One thing a lot of longterm builds have in common is that the builder or owner tend to change their minds throughout the build. This has definitely been the case with Project Pile House. Over the past two years I’ve changed Pile House from being a “thrown-together” type build to something a bit more thought out and nicer. Even small items like wheel and tire combo have changed and caused me to go back and adjust things as needed. When I was setting the body on the chassis and building the custom firewall for Pile House I had built everything around using a set of 14″ wheels and tires. I later decided to upsize the wheels and tires to some shiny 15″ Coker Tire wide whites and chrome steel wheels. This meant that when the truck was “aired out” the front edges of the cab sat on the tires.
As much as I hate cutting things apart I already built on a project, it wasn’t right and I had to get the weight of the cab off of the tires when parked. I decided to make up some mini wheel tubs for the corners using Eastwood tools. I started by marking out the areas of the cab that were hitting when the truck was aired out. I then measured out a few inches all around that area to give adequate clearance around the wheels and tires.
Since I couldn’t tell exactly how far I needed to cut up into the cab corners I decided to put a couple relief cuts in the cab corners and slowly let the truck down until it hit the metal, then cut again until there was no interference. From there I made the last cut and was left with a sizable hole in the cab corners.

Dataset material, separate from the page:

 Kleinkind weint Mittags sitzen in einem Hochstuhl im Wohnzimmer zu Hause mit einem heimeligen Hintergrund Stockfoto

With my holes cut in the cab I took some chipboard and cut patterns that would make up my wheel tub. I taped the chipboard tub in place and raised and lowered the vehicle to make sure I had adequate clearance. I then took the pattern apart and cut the two pieces out of 18 gauge steel using the throatless metal shears. The side panel of the tub was just a flat piece of metal, but the top piece needed to take on a radius to fit around the tire. There are a few ways to do it including putting flanges on the ends and using the shrinker to create the desired radius, then cutting the flanges off, or bending over your knee, etc. I decided to do it the cleanest/quickest way and used the bench top english wheel to form the an even radius in the panel. I slowly worked the metal until it matched the radius I cut into the side of the cab corner.
With the two pieces cut and formed I test fitment of them one last time and then took them to the workbench and tack welded them together. I then ran a series of short welds in the seam of the panel using the TIG 200.
With the tubs now formed I mounted them in place and slowly tack welded them into the cab assuring that the gaps were tight and the tub was fitting correctly. There were a few spots that were a tiny bit too large so I used the angle grinder and a flap disc to shave the metal down until it was flush. After the panel was securely tack welded in place, I alternated around each seam while welding it together using the TIG 200. Once all of the seams were welded I used the flap disc to blend the seams into the surrounding metal. I then used a red sanding disc to take out the major scratches and leave an even finish on the entire area. This left a near invisible modification to the cab. I can now use a skim coat of filler or a coat of high build primer and the firewall is ready for paint.
This solved my issues with the cab hitting the tires and it will also allow me to turn the wheels even when driving very low if I so choose. In the end I am happy I went back and did the job right instead of just letting the cab rest on the tires!